India continued their utter dominance over England in coloured clothes, thumping, mauling and thrashing the hosts in the 4th ODI at Edgbaston to take an unassailable 3-0 lead in the five-match one-day international series.
England skipper Alastair Cook and coach Peter Moores had come into the game stressing the importance of the entire team gelling as a unit, and coming to the fore when needed, but yet another disappointing batting performance, and ridiculously dominant Indian batting put paid to those hopes, and how.
India, after asking their opponents to bat first, rolled over England for just 206 in 49.3 overs, with Bhuvneshwar Kumar (8-3-14-2), Mohammed Shami (7.3-1-28-3) and Ravindra Jadeja (10-0-40-2) making the ball talk, before Ajinkya Rahane (106, 100b, 10x4, 4x6) finally stepped up big with the bat, banishing those "got a start, but did not go all the way" ghosts in emphatic fashion en route to a maiden hundred.
Rahane and Shikhar Dhawan, who also rediscovered the feeling of scoring runs after a long, long wait, put on a stunning 183-run partnership for the first wicket to make mincemeat out of England's target and zoom India to the easiest of nine-wicket victories with a massive 19.3 overs to spare.
The moment England were bowled out for just 206, there was only going to be one winner. The only question was how long India would take, and how many wickets they would lose on their way to making MS Dhoni the winningest Indian captain in ODI cricket with his 91st victory.
Even the visitors, though, would not have envisaged the manner in which they cantered home, with Rahane and Dhawan taking to England bowling like white on rice and annihilating the opposition in outstanding fashion.
Rahane was the main man in the chase, scoring those wonderful straight bat boundaries, while also picking the bowlers off over the infield at will. Dhawan (97 n.o., 81b, 11x4, 4x6) also finally found his groove, bringing out those drives through the offside again, and getting that feeling, he had lost for so long, back of scoring runs.
The duo put on 183 runs together in just 28.4 overs, leaving England utterly deflated and defeated, with Rahane easing to his first ODI hundred, before giving his wicket away as he looked to finish the game off in a hurry.
However, Dhawan, and Virat Kohli (1, 3b), a mere spectator as Dhawan took over the tonking of the England bowlers following Rahane's dismissal, saw India through to ensure easiest of victories.

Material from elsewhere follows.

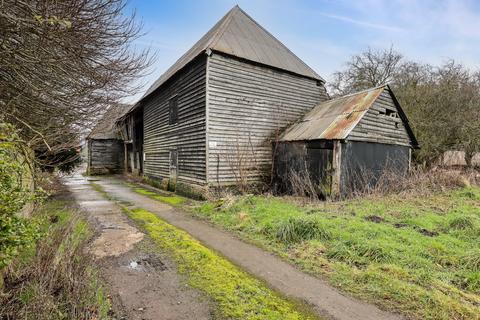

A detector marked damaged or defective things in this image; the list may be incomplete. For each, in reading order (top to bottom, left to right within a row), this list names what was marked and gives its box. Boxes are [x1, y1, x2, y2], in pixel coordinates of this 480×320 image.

rusted metal sheet [142, 4, 322, 100]
rusted metal sheet [280, 85, 384, 141]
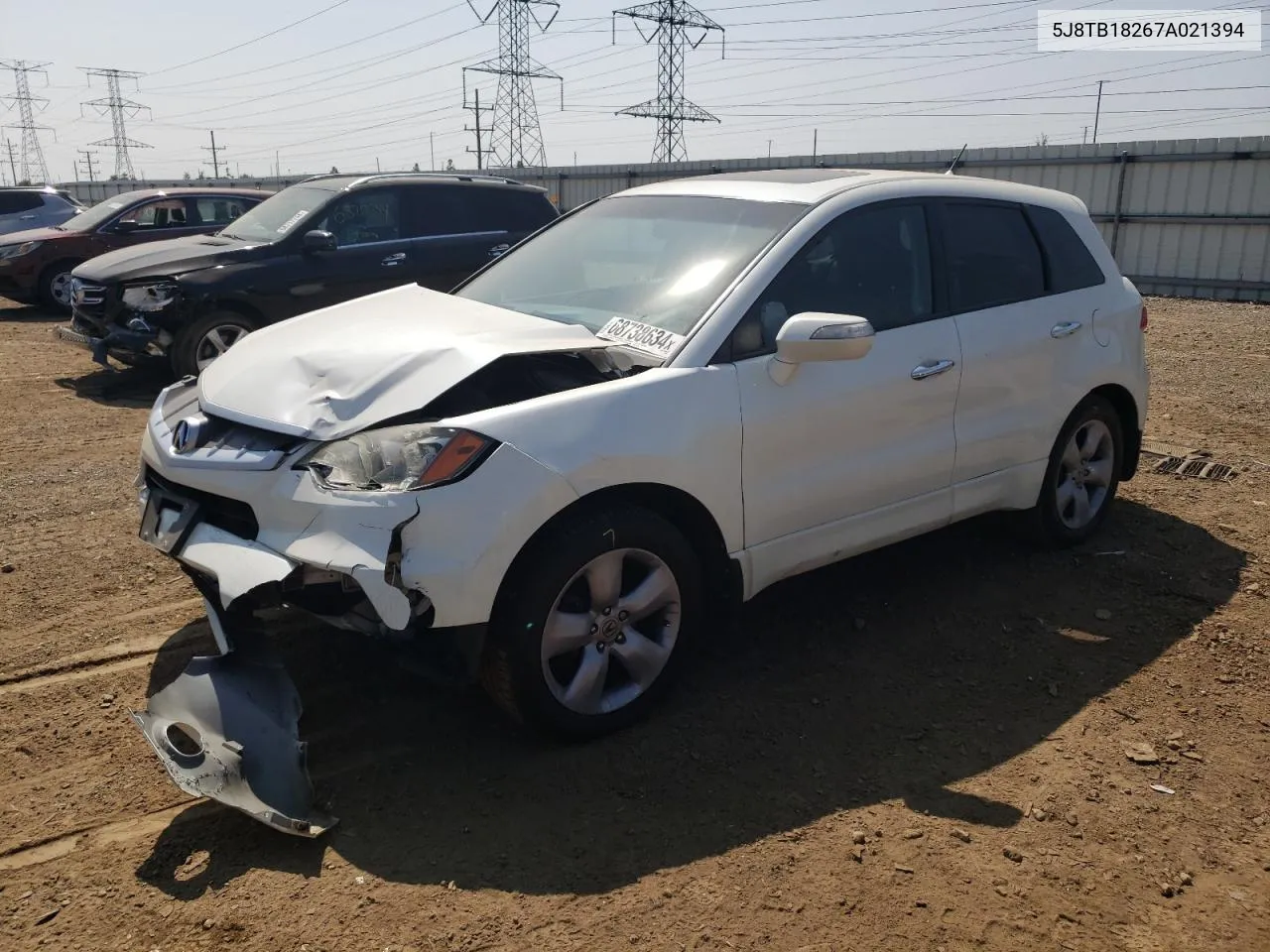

Earlier, England's hopes of finding their mojo with the bat was left in tatters after just eight overs, with the hosts losing their top three batsmen.
Alex Hales (6, 7b, 1x4), fairly impressive in his first two ODIs, was the first to go, misreading a peach of an in-swinger from the near unplayable Bhuvneshwar to see his timber disturbed.
Captain Cook (9, 19b, 2x4) followed suit three balls later, guiding the ball straight to Suresh Raina at gully to give Bhuvneshwar his second wicket.
With England on 16 for two after just five overs, they needed a decent partnership, but Gary Balance (7, 19b, 1x4), brought in the place of Ian Bell, could not impress falling to Mohammed Shami after finding a leading edge through to Rahane at cover.
England were now in deep trouble at 23 for three, and a decent 80-run partnership between Joe Root (44, 81b, 2x4) and Eoin Morgan (32, 58b, 3x4), gave England hope which was raised further by a brilliant 67 (50b, 4x4, 3x6) by Moeen Ali. But after those early wickets, England were always up against it, despite Ali's best efforts, as India kept chipping away much to the delight of the majority Indian crowd yet again.